SPECIAL NOTICE
Malicious code was found on the site, which has been removed, but would have been able to access files and the database, revealing email addresses, posts, and encoded passwords (which would need to be decoded). However, there is no direct evidence that any such activity occurred. REGARDLESS, BE SURE TO CHANGE YOUR PASSWORDS. And as is good practice, remember to never use the same password on more than one site. While performing housekeeping, we also decided to upgrade the forums.
This is a site for discussing roleplaying games. Have fun doing so, but there is one major rule: do not discuss political issues that aren't directly and uniquely related to the subject of the thread and about gaming. While this site is dedicated to free speech, the following will not be tolerated: devolving a thread into unrelated political discussion, sockpuppeting (using multiple and/or bogus accounts), disrupting topics without contributing to them, and posting images that could get someone fired in the workplace (an external link is OK, but clearly mark it as Not Safe For Work, or NSFW). If you receive a warning, please take it seriously and either move on to another topic or steer the discussion back to its original RPG-related theme.
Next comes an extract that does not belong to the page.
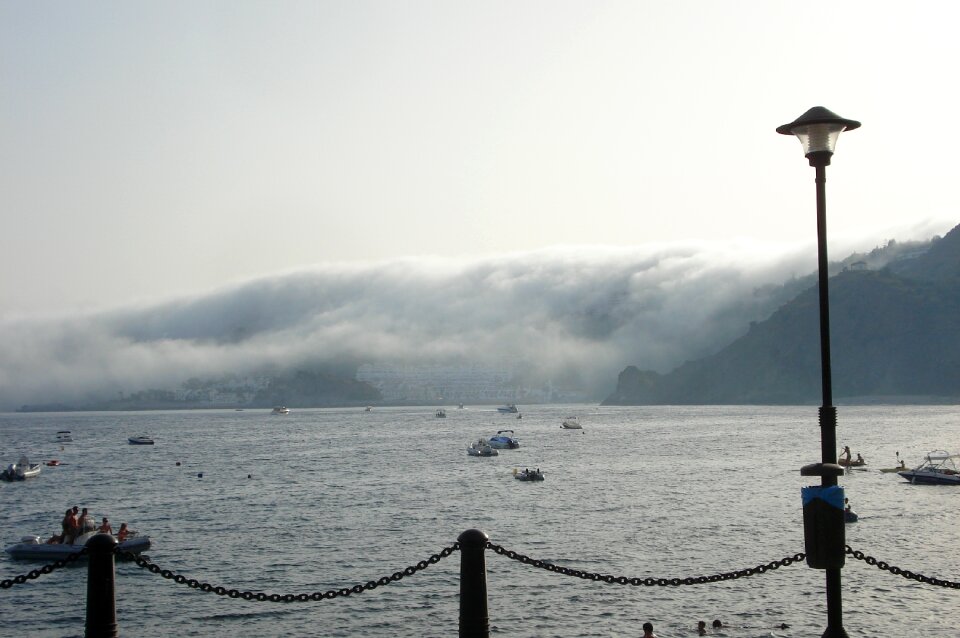 Sea boats mountains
Does Your Setting Have a Legendarium?

Started by Persimmon, December 05, 2021, 12:38:52 PM

Previous topic - Next topic

Persimmon

As I wind down writing a mega-dungeon for Castles & Crusades in my home brew setting, I'm sketching out ideas for (yet another) apocalyptic campaign/adventure path that ties into the overarching Legendarium for my setting.  While I do produce plenty of stand-alone adventures, the longer campaign-type stuff tend to fit into the larger legends and the everlasting struggle between the forces of good and evil for the souls of the world.  So I'm constantly revising the overall history to incorporate these new events.  In this sense I'm basically imitating Tolkien's approach to The Silmarillion.  In my case the major events are often linked to the desire to bring "Dark Heaven" (shamelessly cribbed from the Reaper miniatures line) to the world.  Various evil entities start the process, the Reapers of the Apocalypse appear, and the heroes must confront the arch-villain.  Sometimes things are more tangential to the cycle, but that's the big meta-plot.  And each attempted apocalypse has different effects, like changing how magic works or whatever.  That then changes the tone of my games depending upon where I situate adventures in the chronology.  In later eras magic is more dangerous and unpredictable so certain societies and peoples develop black powder weapons for example.

So do you have some kind of meta-plot or Legendarium that occurs across campaigns?  If so, how do you convey that?

The Spaniard

#1
My campaign setting is based on Greyhawk (1E) canon, with some Gord the Rogue thrown in.  Greyhawk Wars haven't happened, as Iuz has recently been freed and is consolidating his power.

Chris24601

Not really. There's psuedo-religious history whose writings are basically pyramid texts/fragments dating back 3-5k years and a couple of contemporarneous oral histories from cultures of that time that were eventually written down. All of it predates an equivalent Bronze Age collapse and so is basically Age of Heroes myth and legend.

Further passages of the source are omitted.